= David Forrest (pseudonym) =

Pseudonym of novelist duo

David Forrest is a pen-name used by English novelists Robert Forrest-Webb (9 April 1929 – 23 April 2023) and David Eliades (born 1933) to write four books, And to My Nephew Albert I Leave the Island What I Won off Fatty Hagan in a Poker Game (1969), The Great Dinosaur Robbery (1970), After Me, the Deluge (1972), and The Undertaker's Dozen (1974). These books featured tight plotlines and riotous humor, touching at the same time some serious topics: The Great Dinosaur Robbery and Nephew deal with the Cold War, After Me, the Deluge with religion.

After Me, the Deluge was interpreted into the lavish stage musical Aggiungi un Posto a Tavola by the Italian impresarios Pietro Garinei, Sandro Giovannini and Iaia Fiastri in 1974 and has been running in Italy for over 44 years. It is firmly entrenched as a family favourite and is reported to have been seen by more than 15-million people.
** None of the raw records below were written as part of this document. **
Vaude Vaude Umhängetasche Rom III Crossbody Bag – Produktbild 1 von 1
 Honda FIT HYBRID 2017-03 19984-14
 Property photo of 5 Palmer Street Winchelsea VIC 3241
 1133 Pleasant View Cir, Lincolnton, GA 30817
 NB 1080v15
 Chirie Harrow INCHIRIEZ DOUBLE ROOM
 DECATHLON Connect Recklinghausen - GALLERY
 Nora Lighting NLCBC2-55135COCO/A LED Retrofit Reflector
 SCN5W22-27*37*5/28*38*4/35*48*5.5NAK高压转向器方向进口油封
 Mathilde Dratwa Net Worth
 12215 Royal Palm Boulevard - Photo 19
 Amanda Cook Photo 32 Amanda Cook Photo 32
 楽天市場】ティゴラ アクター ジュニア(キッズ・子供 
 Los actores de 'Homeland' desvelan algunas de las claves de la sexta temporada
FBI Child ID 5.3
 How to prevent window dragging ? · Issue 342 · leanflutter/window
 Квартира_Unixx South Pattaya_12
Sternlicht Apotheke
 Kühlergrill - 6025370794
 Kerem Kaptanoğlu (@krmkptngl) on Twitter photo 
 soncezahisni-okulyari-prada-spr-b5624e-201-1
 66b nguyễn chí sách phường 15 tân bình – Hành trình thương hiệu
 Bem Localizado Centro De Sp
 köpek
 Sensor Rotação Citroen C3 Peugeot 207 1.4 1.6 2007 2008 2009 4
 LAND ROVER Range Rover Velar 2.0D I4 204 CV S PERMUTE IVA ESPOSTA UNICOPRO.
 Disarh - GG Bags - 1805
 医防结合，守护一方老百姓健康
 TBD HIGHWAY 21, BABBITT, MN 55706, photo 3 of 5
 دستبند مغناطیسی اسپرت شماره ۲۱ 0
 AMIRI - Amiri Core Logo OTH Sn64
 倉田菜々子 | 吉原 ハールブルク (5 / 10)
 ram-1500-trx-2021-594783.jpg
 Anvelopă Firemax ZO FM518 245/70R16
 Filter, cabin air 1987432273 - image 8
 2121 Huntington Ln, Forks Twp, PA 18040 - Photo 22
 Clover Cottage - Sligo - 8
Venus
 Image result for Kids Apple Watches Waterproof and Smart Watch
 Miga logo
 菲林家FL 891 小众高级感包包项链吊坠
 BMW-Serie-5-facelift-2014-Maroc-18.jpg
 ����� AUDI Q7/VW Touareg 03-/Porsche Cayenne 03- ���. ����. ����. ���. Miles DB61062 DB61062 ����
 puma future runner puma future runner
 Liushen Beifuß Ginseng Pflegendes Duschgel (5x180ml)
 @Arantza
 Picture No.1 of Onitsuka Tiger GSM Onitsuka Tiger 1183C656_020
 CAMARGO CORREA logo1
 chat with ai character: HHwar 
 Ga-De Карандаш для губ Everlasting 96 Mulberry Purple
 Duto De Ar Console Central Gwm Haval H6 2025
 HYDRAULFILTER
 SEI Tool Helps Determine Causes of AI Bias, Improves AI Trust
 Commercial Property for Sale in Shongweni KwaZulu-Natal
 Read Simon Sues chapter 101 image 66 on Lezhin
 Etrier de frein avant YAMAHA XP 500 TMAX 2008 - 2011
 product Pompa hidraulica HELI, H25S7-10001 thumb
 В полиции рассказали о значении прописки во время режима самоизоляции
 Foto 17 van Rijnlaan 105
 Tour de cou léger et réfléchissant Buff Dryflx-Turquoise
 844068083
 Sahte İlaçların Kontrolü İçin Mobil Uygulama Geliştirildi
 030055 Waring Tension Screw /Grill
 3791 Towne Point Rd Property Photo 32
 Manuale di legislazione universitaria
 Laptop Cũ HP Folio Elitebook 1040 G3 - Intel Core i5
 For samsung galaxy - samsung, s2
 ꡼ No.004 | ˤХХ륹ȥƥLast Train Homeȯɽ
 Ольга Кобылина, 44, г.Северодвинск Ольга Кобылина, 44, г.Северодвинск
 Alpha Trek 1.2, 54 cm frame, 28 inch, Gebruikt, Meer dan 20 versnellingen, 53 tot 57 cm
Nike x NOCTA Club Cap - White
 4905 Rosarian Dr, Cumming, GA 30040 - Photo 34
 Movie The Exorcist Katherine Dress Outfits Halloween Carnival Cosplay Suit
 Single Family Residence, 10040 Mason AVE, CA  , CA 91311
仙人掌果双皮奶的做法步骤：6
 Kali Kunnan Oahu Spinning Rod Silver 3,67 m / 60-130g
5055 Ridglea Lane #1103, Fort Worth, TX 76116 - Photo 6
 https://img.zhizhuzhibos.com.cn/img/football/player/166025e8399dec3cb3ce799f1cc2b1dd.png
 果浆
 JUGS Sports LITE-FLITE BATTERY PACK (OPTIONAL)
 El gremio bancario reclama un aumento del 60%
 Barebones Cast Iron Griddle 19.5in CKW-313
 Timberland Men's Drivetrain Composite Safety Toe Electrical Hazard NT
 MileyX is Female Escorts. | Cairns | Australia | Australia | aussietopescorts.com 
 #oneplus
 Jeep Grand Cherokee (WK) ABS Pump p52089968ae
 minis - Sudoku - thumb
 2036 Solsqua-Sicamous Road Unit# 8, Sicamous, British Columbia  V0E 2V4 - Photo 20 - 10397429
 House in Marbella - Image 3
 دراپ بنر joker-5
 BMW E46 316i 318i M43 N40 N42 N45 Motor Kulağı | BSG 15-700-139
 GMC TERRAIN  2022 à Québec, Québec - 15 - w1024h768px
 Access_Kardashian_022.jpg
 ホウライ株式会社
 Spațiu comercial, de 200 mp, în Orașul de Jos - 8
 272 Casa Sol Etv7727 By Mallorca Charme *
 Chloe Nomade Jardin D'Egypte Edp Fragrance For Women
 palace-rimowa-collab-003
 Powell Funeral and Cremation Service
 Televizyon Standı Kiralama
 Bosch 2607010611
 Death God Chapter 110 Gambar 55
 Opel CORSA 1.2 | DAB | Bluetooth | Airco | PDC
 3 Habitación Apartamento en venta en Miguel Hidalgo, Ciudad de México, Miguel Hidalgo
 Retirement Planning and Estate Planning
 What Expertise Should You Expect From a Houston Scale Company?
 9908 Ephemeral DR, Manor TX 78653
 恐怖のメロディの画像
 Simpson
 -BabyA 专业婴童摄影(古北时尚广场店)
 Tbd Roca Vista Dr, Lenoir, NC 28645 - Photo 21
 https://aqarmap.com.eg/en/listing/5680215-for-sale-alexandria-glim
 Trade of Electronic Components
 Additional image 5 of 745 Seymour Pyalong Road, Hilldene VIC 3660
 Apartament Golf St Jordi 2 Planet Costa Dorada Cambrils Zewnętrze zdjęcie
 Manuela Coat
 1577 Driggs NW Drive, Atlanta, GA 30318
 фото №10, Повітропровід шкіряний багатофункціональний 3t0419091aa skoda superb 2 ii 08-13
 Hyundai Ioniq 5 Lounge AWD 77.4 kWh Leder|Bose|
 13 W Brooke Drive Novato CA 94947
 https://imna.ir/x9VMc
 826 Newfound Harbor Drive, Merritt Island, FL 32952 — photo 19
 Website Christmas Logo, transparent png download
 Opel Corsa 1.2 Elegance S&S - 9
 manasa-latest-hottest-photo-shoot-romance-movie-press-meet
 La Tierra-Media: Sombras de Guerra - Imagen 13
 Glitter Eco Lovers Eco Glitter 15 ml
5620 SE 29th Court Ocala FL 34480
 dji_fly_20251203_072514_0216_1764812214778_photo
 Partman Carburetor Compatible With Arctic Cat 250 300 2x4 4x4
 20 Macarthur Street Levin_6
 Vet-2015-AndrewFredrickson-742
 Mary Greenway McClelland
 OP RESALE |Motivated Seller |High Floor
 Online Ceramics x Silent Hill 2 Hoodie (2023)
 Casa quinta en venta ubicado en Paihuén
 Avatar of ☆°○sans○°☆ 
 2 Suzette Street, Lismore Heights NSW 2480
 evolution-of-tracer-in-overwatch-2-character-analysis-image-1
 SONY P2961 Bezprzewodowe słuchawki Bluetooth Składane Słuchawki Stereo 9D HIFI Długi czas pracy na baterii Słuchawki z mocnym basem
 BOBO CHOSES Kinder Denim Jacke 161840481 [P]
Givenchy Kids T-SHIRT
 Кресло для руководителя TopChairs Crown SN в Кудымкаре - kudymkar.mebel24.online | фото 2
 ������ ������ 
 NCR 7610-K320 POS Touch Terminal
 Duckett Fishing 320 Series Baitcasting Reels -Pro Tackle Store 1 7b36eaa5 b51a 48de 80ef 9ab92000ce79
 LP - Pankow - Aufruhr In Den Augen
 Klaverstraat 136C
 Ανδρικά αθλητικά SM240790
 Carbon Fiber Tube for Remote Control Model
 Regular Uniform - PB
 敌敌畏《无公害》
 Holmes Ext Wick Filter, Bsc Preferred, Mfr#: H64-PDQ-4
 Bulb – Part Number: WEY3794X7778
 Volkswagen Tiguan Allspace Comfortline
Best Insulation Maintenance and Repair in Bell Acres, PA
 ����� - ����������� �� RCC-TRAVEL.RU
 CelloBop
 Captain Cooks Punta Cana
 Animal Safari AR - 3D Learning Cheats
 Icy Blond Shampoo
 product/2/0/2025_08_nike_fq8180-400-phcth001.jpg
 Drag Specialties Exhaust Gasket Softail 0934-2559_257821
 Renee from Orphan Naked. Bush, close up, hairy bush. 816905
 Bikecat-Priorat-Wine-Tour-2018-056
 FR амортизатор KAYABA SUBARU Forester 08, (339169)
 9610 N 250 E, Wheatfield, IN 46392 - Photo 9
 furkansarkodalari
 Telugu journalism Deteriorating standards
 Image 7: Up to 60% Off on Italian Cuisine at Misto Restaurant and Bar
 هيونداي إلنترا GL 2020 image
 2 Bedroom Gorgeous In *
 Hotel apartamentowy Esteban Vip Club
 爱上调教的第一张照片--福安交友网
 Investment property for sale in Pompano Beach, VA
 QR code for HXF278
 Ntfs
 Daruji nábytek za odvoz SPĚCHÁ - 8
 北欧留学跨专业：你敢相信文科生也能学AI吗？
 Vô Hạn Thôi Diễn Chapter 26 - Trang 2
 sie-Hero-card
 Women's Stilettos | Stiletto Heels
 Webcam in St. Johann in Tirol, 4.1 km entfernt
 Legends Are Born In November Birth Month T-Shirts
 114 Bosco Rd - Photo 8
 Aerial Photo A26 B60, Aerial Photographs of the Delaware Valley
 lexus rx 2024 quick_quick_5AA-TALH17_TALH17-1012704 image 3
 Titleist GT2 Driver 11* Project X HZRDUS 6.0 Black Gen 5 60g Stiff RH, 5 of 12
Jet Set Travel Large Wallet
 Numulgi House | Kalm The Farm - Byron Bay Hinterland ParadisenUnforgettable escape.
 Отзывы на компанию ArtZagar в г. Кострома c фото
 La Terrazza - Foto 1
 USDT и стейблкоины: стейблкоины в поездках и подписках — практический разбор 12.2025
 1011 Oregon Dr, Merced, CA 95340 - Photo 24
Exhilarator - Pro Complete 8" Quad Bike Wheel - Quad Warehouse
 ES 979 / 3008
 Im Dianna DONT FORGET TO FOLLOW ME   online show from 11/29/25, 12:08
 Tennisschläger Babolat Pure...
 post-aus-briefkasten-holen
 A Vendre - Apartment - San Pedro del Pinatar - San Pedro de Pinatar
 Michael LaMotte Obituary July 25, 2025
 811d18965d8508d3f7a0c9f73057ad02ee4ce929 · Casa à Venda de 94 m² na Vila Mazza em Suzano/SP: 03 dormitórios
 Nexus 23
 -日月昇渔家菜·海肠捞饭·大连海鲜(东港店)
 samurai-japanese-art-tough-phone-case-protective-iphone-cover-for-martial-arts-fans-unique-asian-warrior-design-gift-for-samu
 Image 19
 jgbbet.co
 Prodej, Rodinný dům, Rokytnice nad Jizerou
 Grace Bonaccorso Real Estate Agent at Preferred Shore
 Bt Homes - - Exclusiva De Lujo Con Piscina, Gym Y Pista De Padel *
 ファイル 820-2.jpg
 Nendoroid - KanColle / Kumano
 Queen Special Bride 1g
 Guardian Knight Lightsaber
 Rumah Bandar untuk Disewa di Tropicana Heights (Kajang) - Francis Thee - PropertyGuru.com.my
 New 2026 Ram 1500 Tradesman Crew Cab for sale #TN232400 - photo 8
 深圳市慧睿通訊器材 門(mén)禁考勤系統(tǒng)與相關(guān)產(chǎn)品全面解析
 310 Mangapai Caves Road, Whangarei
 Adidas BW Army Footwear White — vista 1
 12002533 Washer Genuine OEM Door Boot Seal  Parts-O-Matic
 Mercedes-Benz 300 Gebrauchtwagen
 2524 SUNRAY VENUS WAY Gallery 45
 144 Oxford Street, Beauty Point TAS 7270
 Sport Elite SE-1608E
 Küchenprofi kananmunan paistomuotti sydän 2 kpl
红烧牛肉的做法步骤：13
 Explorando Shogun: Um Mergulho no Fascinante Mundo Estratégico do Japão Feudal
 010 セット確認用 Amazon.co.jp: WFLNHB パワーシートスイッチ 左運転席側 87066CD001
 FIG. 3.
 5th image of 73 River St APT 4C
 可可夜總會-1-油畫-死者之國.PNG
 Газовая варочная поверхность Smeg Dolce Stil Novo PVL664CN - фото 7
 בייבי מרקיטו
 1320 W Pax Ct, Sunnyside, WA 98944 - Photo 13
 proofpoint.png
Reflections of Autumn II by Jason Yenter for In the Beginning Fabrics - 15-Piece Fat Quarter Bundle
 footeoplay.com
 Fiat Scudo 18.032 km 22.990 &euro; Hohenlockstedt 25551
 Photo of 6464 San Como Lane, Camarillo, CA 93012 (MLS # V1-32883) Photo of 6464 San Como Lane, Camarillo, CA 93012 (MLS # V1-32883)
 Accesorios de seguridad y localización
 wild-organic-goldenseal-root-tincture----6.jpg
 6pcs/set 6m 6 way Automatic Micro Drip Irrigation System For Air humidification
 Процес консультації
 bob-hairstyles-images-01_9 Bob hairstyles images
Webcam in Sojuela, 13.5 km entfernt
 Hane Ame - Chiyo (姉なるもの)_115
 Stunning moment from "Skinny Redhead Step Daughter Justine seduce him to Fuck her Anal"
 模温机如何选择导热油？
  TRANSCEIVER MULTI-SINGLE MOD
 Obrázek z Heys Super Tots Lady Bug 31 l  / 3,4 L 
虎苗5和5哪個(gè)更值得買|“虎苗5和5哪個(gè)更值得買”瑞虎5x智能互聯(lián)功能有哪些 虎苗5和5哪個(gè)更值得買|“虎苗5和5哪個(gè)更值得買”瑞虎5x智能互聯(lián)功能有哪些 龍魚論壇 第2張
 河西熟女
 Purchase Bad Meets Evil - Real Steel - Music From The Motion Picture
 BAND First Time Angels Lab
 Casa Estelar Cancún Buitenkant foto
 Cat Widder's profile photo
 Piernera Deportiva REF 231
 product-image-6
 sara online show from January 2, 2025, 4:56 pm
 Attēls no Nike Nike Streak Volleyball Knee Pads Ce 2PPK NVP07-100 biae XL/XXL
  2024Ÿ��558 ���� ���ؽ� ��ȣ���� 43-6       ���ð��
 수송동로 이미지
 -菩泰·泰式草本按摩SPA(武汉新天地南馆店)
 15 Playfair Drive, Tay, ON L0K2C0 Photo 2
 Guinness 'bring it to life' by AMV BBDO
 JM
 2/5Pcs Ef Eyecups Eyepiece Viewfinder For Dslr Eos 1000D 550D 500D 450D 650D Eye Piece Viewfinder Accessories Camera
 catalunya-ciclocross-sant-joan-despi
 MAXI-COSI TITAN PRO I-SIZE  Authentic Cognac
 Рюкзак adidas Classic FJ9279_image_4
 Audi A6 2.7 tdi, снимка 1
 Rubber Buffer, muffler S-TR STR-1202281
Its English version, Beyond the Rainbow, ran at the Adelphi Theatre, London, for two years during the late 1970s. It has also broken box-office records in the whole of Latin America and in Spain, Austria, Germany, Russia and Hungary. The Great Dinosaur Robbery became a Disney movie, One of Our Dinosaurs Is Missing (1975), which was also highly considered in its time. All these books are published by Hodder & Stoughton and are currently available online as e-books.